Building credibility through delivery

Ultimately, financing the future of food innovation comes down to one word: credibility.

Investors don’t just want compelling stories, they want proof of execution. Regulators want confidence in safety and transparency. Customers want reliability, scalability, and consistent quality. And consumers want trust in the products they’re choosing.

At Vivici, we’re delivering on all those fronts. Our customers are already making fantastic products with our ingredients. Market demand is strong and growing. The challenge now isn’t proving the technology works, it’s scaling fast enough to meet that demand. It’s not about whether the technology will mature, it’s about whether we can scale fast enough to meet the demand.

That’s what gives me confidence. The demand for sustainable, functional, and great-tasting proteins isn’t a future trend; it’s here today. The companies that succeed will be the ones that can deliver credibly, collaboratively, and consistently.
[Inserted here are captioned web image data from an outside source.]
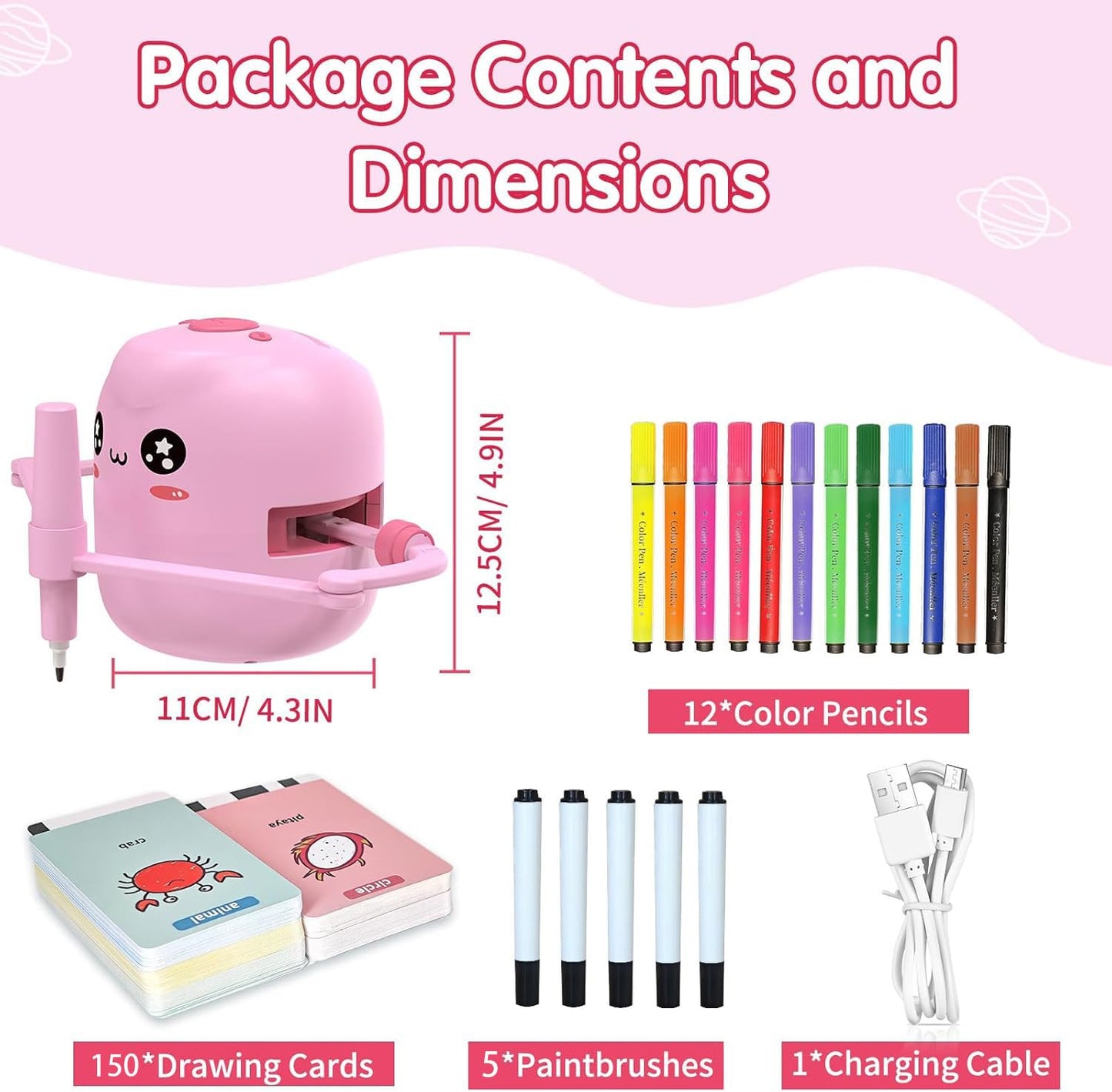 Drawing Robot for Kids, Voice Interactive Educational Drawing Robot, Montessori Painting Learning Toys with 150 Cards, Christmas Birthday Party Gift for 3 4 5 6 7 8 Years Old Girls Boys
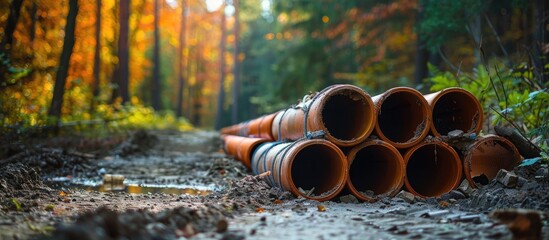 Pile Of Pvc Construction Pipes At A Construction Site In The Forest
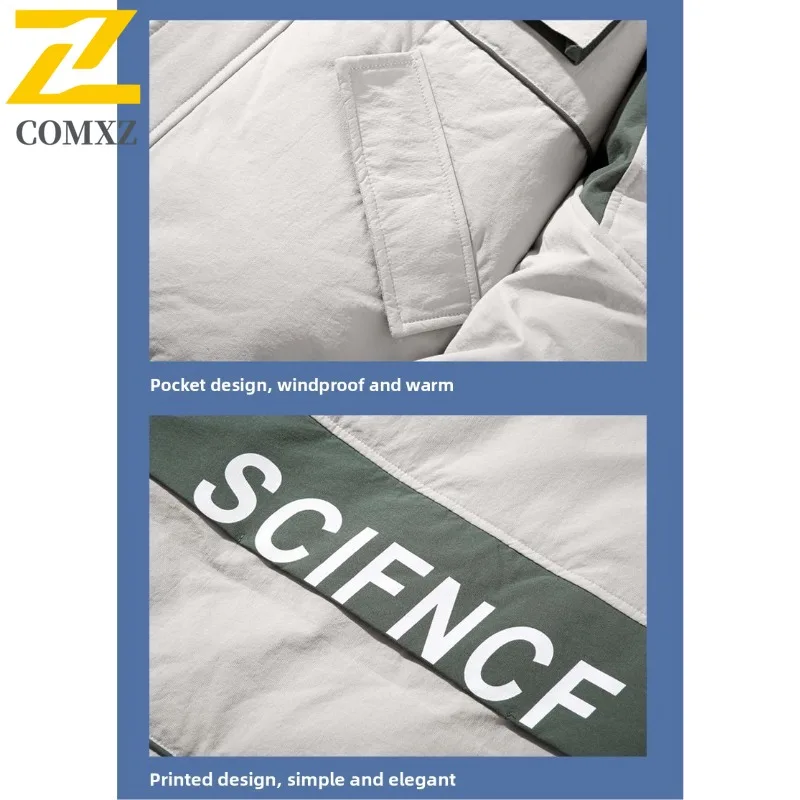 COMXZ Mid Length Hooded Down Jacket Men 2025 New Autumn Winter Thermal Parka Down Jacket Fashion color block Thickened WorkWear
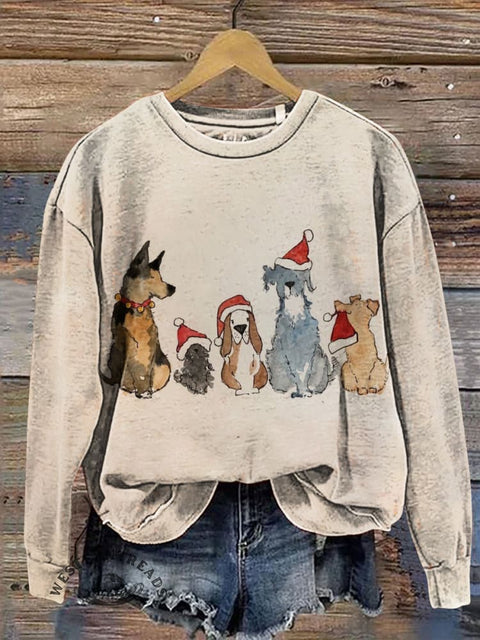 Dog Wearing Santa Hat Prints Casual Cotton Sweatshirt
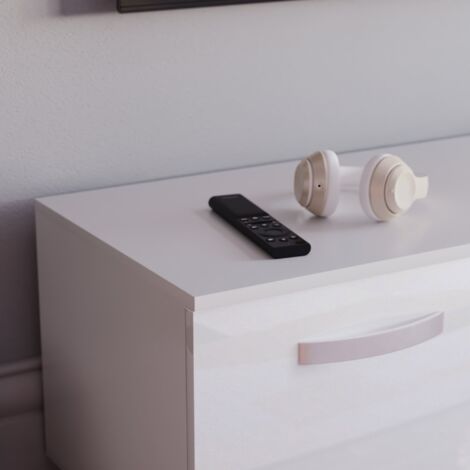 Cosmo LED TV Cabinet Stand 2 Door Modern High Gloss Cabinet Unit, 140cm, White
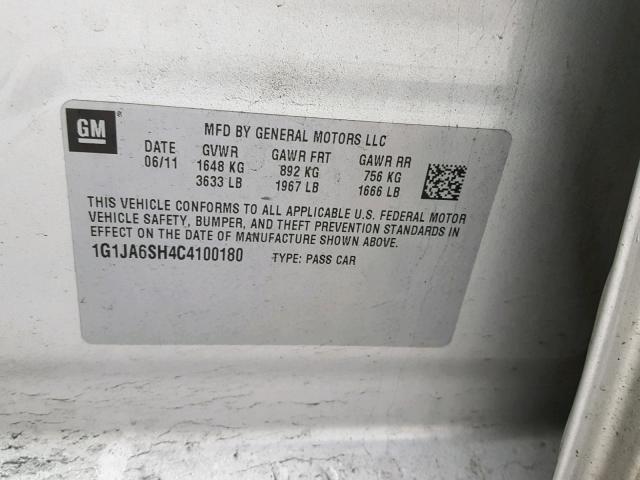 1G1JA6SH4C4100180 - 2012 CHEVROLET SONIC LS 银色 照片 10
A new chapter for food innovation

The journey to scale precision fermentation isn’t just about financing a new category. It’s about financing a new food system. One that’s more resilient, efficient, and sustainable.

That future won’t be built by any one company alone. It will be shaped by partnerships (between innovators, investors, and policymakers) that share a vision of food systems designed for both people and the planet.

At Vivici, we’re proud to be part of that transformation. Our mission is simple: to make sustainable protein accessible at scale. Every decision we make is about turning that mission into impact, because the future of fermentation isn’t just about what we make: it’s about how we build it, together.